Yes, I was going to reply to the OP in much the same vein, but was too lazy! :-)
I have some similar projects (in particular some work for amateur astronomers and also instrumentation on my boat).
As to how to decide what to use then I'd say it really comes down to how much of an OS your project needs, all the platforms you mention would be capable (at various degrees of overkill) of doing the two projects you mention.
On the Pi/BB you have the advantage of doing it all in userland at a very high level if you want, and using pretty much any language.
Arduino you get simplicity and the fun of doing it relatively close to the metal, but you are pretty much stuck with Arduino's Pseudo C++ like language (though if this sort of development tickles your fancy and you want to expand to other projects you can of course move (and even port your existing projects to) a grown-up AVR development environment quite easily)
I actually have a Pi and an Arduino and also something called Pokeys56E, none of them is anywhere near ideal. The difficulty is mostly in the nitty gritty hardware intefacing, getting voltages into the device in such a way that it's unlikely to kill it if/when spikes and noise come along.
Currently on the boat I have an ancient 7" eeePc with a 1-wire to USB interface and sensors on the 1-wire bus. 1-wire is good for various measurements but doesn't seem to have voltage sensors.

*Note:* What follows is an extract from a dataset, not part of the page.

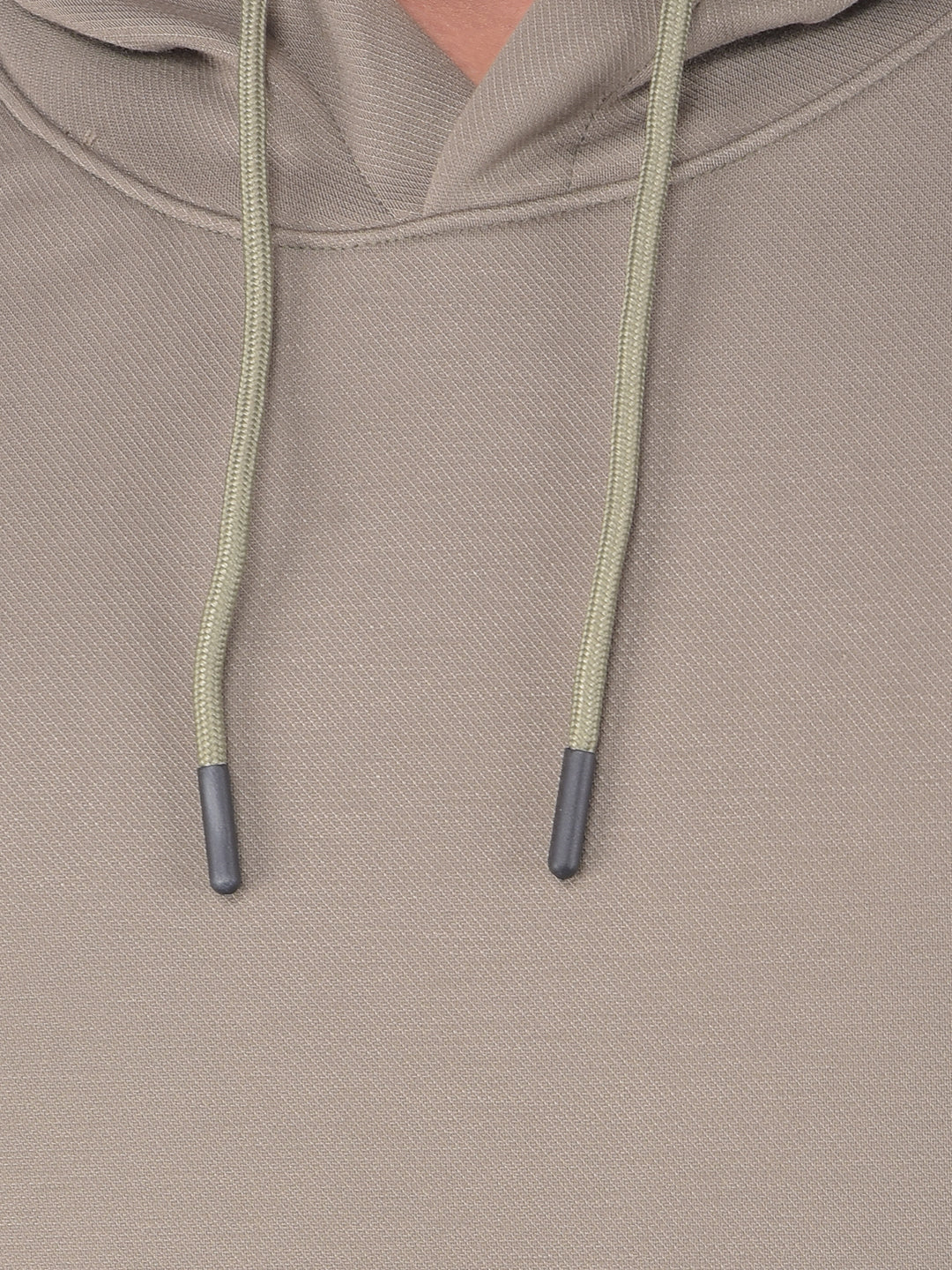 Olive Hooded Neck Sweatshirt-Men Sweatshirts-Crimsoune Club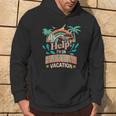 Help Me Im On A Family Vacation Summer Holiday Vintage Hoodie Lifestyle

In fact *nothing* seems to offer decent voltage measuring sensors, there's lots of things with "A2D inputs" but nothing that offers an 'outside world facing' capable one.
In fact for your colleagues project there is something on arduino.cc which is already 80% of the way there.
http://arduino.cc/en/Tutorial/Datalogger.
Personally I wouldn't consider a Pi in any application where I didn't need it's Gfx/hdmi capabilities but that's because outside of those I don't believe it is a very good platform :D
It has the advantage of being really cheap though, same sort of price as many Arduino variants and *much* more accessible, especially to Linux aware people.
If you want something with a bit of both there's the Beaglebone Black, runs Linux but has lots of Arduinolike I/O capability. A little more money but not by much.